The health of democracy 50 years after the coup UAH

Fifty years after the coup, democracy in Chile is not flowing without resistance. This is what the new edition of the Chile Dice survey describes in depth, entitled “Citizens’ Imaginings of Democracy in Chile.” The national survey of 1,150 cases, conducted by Criteria and Alberto Hurtado University, shows the state of the health of democracy from the perspective of citizens.

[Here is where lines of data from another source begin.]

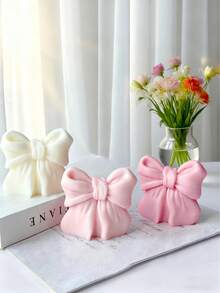 1pc Bow-Shaped Scented Candle, Bowknot Design, Fragrant, Smokeless, Long-Lasting Aroma, Suitable For Home Decor, Especially Bedroom And DIY Gifts. Applicable For Home Decor, Fireplace, Living Room, Central Decoration, Office, Valentine's Day Gift, Candle Set, Scented Candle, Friend Gift, Women Gift. - Multicolor - View 4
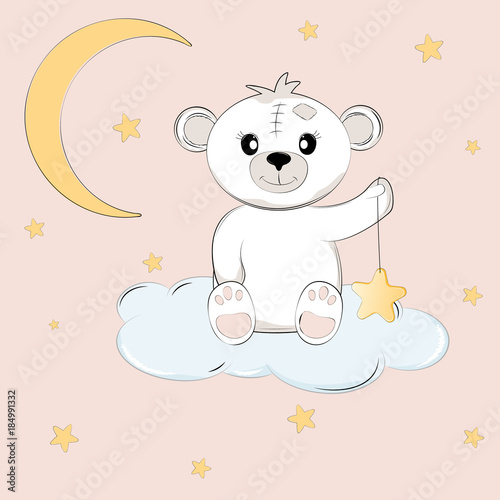 Cute teddy bear on the cloud holds the star.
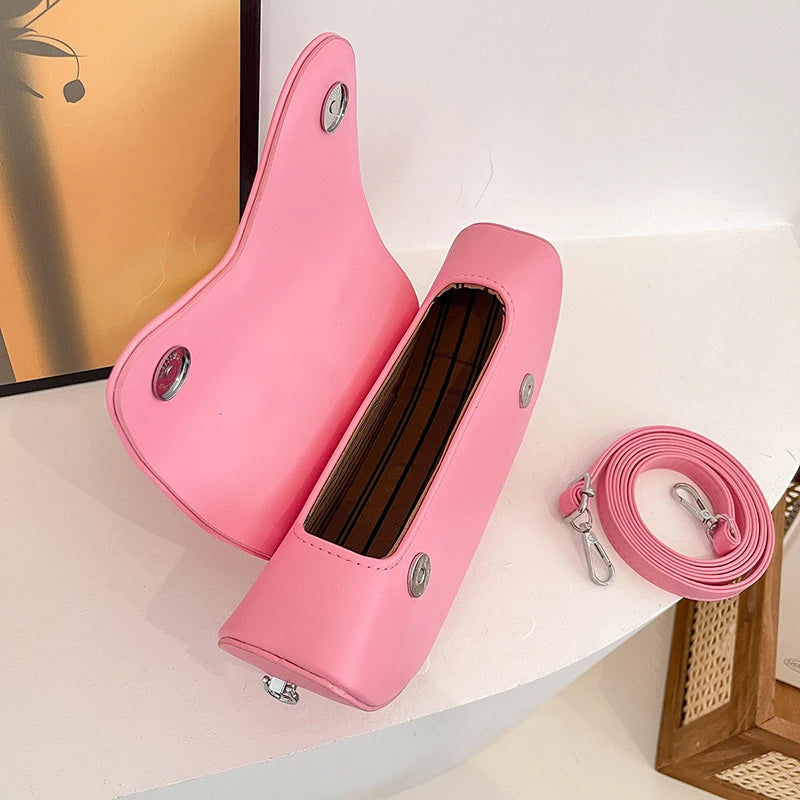 Pink Mini Wing Contrast Color Crossbody Bag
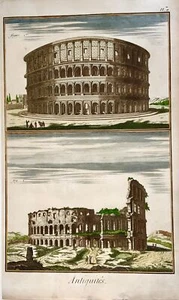 1777 Diderot - Italia: Roma, Il COLOSSEO FLAVIO incisione su rame - Foglio alto - Foto 1 di 4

Although there is a social majority that values ​​democracy over other authoritarian regimes, 33% of people view it with suspicion and the majority of the population (52%) indicate that they feel deeply dissatisfied with democracy today in Chile.

Study shows lights and shadows around our democracy. Some keys that seem relevant to me.

Lights:

1) Society values ​​liberal democracy. The basic elements of democracy for people are participation in political decisions, respect for basic standards (human rights and freedoms), and equal rights (91% mention all three dimensions). On the other hand, the majority values ​​democracy (64%) over other forms of government and for 83% of the population it is important to live in a democratic society.

2) Daily life has become democratized. Diversity of opinions is valued in communities, schools, work and families. Participation and opinion are intersecting in value and have special importance within the home, regardless of the income or status of each family member.

3) There is a clear majority (65%) that believes that the best democracy is one in which people, in addition to electing representatives, can make decisions on some issues through referendums, referendums, popular initiatives for laws and the abolition of elected representatives. Citizens want to be heroes and accidents in the country’s future.